What the task requires: With the pictures left out, reproduce exactly the lines from the one containing "Bucketly web app — screen 1" through the final line of the entries.

Task input:
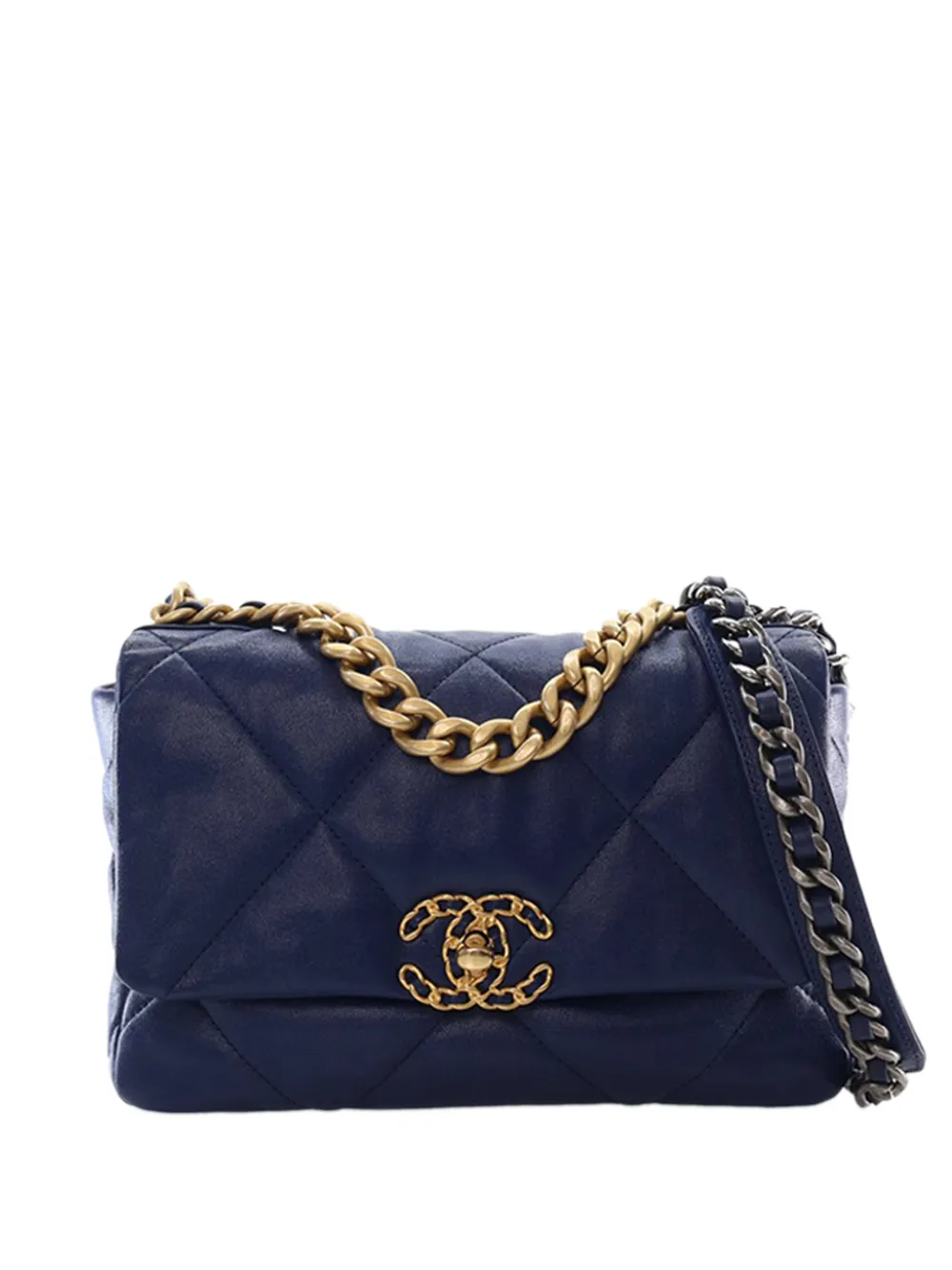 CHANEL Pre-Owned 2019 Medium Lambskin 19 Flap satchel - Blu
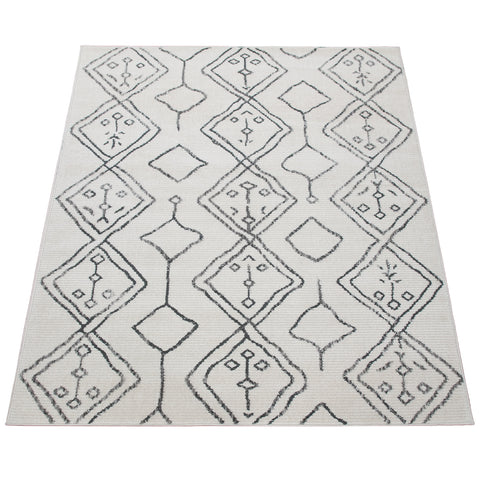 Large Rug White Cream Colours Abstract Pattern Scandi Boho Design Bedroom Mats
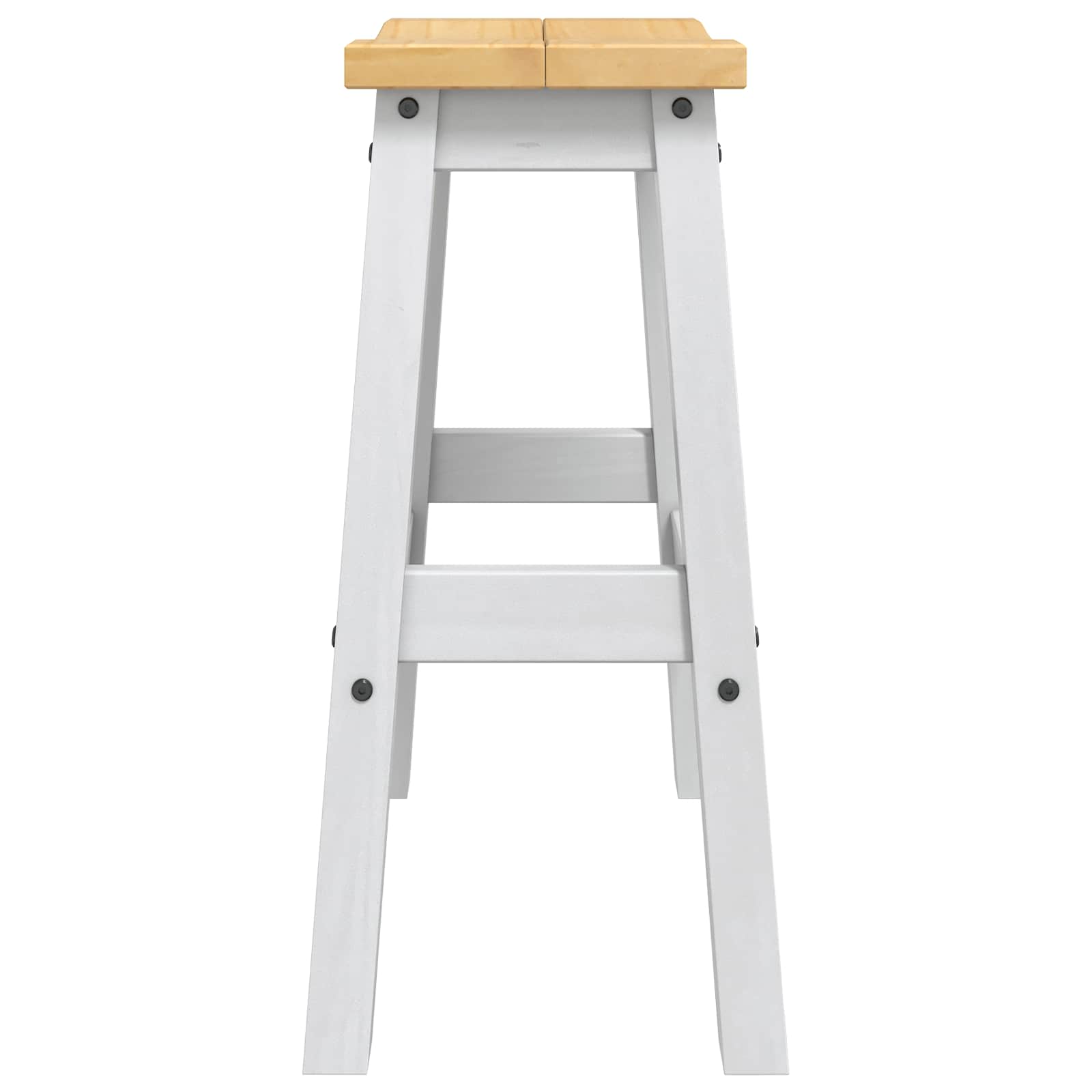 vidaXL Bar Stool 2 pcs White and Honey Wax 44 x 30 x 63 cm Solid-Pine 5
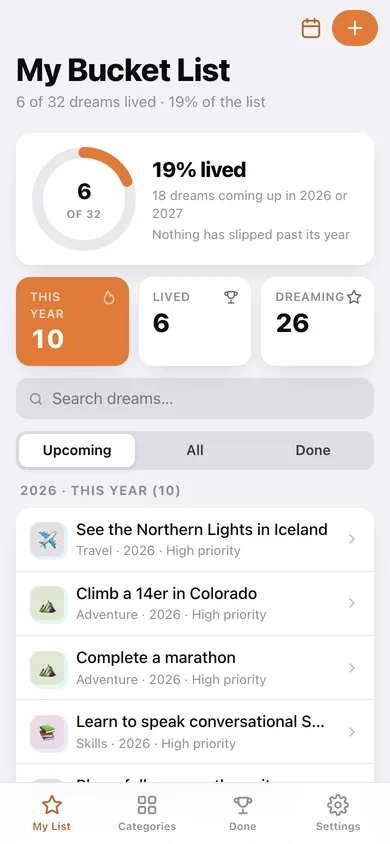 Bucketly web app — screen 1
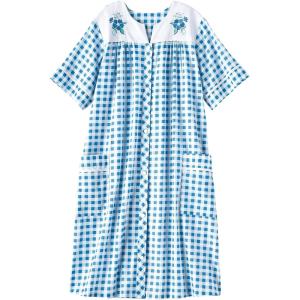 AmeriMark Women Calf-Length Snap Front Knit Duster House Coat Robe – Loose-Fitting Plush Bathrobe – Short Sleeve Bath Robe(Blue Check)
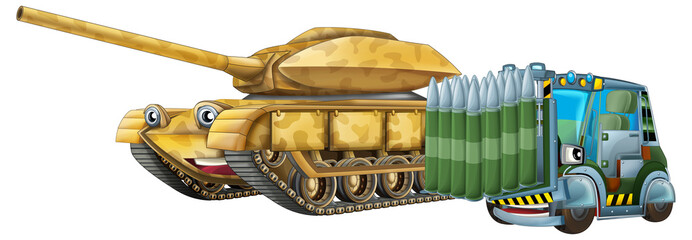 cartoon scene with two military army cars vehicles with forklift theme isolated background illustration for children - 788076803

Response to this task:
 Bucketly web app — screen 1
 AmeriMark Women Calf-Length Snap Front Knit Duster House Coat Robe – Loose-Fitting Plush Bathrobe – Short Sleeve Bath Robe(Blue Check)
 cartoon scene with two military army cars vehicles with forklift theme isolated background illustration for children - 788076803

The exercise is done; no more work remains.